Wednesday, November 28, 2012

A lesson in happiness

In the past week I randomly stumbled upon two interesting articles (well, one was a TEDtalk that I transcribed, but I highly recommend listening to the whole thing):
...The effort to try to feel happy is often precisely the thing that makes us miserable. And that it is our constant efforts to eliminate the negative — insecurity, uncertainty, failure, or sadness — that is what causes us to feel so insecure, anxious, uncertain, or unhappy. They didn't see this conclusion as depressing, though. Instead, they argued that it pointed to an alternative approach, a “negative path” to happiness, that entailed taking a radically different stance towards those things that most of us spend our lives trying hard to avoid. It involved learning to enjoy uncertainty, embracing insecurity, stopping trying to think positively, becoming familiar with failure, even learning to value death. In short, all these people seemed to agree that in order to be truly happy, we might actually need to be willing to experience more negative emotions — or, at the very least, to learn to stop running quite so hard from them. 
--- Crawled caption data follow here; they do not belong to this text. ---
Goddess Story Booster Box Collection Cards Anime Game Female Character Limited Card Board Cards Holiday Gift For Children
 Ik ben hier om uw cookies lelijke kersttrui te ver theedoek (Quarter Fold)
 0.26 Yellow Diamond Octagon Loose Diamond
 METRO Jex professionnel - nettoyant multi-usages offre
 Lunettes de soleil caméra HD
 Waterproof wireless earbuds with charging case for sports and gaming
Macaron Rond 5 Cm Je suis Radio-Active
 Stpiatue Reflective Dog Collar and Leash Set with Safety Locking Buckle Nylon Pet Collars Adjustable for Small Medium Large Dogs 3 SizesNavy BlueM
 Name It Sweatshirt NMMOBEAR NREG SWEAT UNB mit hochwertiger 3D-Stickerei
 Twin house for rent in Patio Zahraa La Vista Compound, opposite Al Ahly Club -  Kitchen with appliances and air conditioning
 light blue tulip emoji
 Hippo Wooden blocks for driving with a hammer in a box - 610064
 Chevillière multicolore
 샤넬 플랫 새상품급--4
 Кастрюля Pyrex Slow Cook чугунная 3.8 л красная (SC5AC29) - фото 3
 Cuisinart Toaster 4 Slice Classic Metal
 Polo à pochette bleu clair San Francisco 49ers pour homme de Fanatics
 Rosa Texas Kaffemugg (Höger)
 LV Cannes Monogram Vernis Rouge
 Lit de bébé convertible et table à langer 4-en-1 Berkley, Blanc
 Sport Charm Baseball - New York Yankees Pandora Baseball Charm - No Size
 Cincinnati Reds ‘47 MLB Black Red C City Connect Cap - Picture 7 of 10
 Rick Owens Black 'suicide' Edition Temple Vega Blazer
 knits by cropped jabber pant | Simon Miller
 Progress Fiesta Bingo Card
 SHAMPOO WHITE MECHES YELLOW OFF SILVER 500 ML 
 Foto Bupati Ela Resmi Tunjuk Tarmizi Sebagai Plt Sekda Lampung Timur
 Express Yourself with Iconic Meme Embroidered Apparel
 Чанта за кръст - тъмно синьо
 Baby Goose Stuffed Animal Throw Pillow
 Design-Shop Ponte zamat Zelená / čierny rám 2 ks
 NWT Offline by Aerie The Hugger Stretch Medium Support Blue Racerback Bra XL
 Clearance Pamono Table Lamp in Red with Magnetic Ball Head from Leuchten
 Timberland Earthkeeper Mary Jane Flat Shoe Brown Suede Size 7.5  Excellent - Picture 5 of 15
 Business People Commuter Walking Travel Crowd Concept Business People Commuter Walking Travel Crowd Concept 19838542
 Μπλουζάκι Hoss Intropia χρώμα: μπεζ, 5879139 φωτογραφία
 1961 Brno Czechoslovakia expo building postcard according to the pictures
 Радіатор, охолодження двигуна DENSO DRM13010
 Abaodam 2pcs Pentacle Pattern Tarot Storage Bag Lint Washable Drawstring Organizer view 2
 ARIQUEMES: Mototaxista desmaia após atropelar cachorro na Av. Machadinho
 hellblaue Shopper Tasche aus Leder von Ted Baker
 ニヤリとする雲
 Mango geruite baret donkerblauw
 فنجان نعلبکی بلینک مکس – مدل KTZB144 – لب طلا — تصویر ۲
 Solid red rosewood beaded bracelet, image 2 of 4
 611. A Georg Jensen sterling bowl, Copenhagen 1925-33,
Positive thinking is for suckers! From Salon.com 
We numb vulnerability…The problem is, you cannot selectively numb emotion. You cannot say here is the bad stuff: here is vulnerability, here is grief, here is shame, here is disappointment. I don’t want to feel these. I’m going to have a couple beers and a banana nut muffin. I don’t want to feel these…You can’t numb those hard feelings without numbing the other affects or emotions. You cannot selectively numb. When we numb those, we numb joy, we numb gratitude, we numb happiness, and then we are miserable and we are looking for purpose and meaning; and then we are feeling vulnerable and so we have a couple of beers and a banana nut muffin..and it becomes this dangerous cycle...Practice gratitude and joy in those moments of terror…instead of catastraphizing what might happen, say I am just so grateful because to feel this vulnerable means I am alive.
TEDTalks: Brené Brown: The power of vulnerability
Sometimes, I think the brilliant thing about babies is that you can't easily run from or even numb the bad that comes with them. You literally have to embrace it. Babies don't come with a mute button. They don't even come with a fast forward or pause button. They come out screaming, and loud, and needy, and messy. And they stay that way for at least eighteen years (some their whole lives; and they often go on to find successful careers in law or politics. just kidding, lawyer friends. except you know who I am talking about, right?). But babies are also really awesome. They are sweet, and loving, and squooshy, and adorable. And you will never get to all that awesomeness unless you can brave the screaming neediness. And if you can do that (and some days that may feel like a big "if"), then you might just be able to transfer that ability to accept and even value uncertainty, failure, and misery in other areas of your life. If you learn that you can survive a little chaos, stress, self-doubt, and prolonged sleep deprivation then you can probably survive some other uncomfortable things in life. And maybe you'll even learn those uncomfortable things aren't quite as bad as you thought they were. And maybe you will even embrace them because you know they are inextricably linked to something (or someone) you love. And maybe that is part of why parents are so unhappy and so happy, all at the same time.